_PROBLEM DETAILS_.
Note how many lines in the following material mention "Flat", then give that number by itself.

_INFORMATION SHOWN_.
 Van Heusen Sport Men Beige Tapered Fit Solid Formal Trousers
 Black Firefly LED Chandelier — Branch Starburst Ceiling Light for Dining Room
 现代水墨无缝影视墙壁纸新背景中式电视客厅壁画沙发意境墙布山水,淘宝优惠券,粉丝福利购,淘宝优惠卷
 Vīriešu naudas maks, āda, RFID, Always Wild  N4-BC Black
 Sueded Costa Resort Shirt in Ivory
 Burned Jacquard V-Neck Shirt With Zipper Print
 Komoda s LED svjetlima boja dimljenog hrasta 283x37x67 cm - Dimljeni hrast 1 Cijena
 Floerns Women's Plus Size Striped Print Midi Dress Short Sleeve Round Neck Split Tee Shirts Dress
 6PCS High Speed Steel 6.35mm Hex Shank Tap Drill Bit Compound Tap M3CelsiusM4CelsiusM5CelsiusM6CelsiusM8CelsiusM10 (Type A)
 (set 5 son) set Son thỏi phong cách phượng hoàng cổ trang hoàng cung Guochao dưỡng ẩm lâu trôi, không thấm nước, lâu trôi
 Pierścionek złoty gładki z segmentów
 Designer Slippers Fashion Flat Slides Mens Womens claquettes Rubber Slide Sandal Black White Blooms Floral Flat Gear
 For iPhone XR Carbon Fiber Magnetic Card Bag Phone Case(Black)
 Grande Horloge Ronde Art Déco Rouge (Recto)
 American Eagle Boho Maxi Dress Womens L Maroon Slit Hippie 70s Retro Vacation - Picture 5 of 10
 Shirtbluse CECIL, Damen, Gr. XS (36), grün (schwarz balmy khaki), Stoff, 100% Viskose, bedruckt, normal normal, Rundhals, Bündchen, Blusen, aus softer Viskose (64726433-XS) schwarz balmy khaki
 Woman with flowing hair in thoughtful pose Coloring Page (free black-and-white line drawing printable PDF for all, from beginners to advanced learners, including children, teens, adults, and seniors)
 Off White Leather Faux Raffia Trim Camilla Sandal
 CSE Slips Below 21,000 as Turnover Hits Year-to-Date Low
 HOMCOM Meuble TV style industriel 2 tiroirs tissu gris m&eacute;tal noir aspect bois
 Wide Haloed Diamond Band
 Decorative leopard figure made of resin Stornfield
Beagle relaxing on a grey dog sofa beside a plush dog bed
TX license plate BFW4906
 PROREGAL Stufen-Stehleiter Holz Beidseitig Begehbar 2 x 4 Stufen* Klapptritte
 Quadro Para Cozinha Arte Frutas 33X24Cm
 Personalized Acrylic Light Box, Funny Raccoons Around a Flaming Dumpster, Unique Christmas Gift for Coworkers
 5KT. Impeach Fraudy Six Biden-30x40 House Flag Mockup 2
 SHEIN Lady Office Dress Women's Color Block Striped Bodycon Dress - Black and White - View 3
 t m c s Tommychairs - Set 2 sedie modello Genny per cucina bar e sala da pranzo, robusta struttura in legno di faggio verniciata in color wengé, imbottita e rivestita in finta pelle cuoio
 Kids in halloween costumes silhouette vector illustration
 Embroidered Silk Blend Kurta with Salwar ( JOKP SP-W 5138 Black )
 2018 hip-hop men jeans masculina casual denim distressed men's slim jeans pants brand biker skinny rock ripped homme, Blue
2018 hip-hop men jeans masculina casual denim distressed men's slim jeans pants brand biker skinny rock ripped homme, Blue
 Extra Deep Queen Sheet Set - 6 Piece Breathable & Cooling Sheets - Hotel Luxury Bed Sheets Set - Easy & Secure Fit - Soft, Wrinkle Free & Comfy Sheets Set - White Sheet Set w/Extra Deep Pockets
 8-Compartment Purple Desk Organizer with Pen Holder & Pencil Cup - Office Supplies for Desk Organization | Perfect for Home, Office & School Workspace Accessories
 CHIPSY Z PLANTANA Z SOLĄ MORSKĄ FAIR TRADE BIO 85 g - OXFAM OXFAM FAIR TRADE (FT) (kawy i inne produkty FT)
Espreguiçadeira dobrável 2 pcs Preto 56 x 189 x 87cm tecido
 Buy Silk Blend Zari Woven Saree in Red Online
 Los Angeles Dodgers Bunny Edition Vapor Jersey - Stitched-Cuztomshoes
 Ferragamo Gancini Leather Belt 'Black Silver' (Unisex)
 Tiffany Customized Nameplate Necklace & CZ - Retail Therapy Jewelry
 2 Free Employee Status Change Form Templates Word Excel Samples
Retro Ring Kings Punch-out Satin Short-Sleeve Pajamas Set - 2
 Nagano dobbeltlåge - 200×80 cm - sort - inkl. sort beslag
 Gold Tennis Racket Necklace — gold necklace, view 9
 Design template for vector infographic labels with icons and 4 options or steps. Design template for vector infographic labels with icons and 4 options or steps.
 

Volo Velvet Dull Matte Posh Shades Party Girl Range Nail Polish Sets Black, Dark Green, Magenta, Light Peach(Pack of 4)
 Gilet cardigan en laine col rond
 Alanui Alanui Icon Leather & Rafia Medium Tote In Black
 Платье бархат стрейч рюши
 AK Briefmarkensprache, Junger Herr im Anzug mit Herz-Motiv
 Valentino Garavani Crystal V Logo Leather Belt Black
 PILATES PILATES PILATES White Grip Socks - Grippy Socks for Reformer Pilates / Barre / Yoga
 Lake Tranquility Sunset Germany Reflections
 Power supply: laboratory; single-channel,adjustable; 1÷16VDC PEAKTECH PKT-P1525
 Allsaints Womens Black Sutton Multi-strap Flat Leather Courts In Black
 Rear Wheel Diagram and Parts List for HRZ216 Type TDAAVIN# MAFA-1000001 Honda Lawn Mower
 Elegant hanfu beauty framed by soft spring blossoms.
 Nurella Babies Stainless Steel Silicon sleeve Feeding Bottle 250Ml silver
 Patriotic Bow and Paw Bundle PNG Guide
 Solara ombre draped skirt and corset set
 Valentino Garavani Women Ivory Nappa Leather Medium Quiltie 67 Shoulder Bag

_OUTPUT BELOW_.
2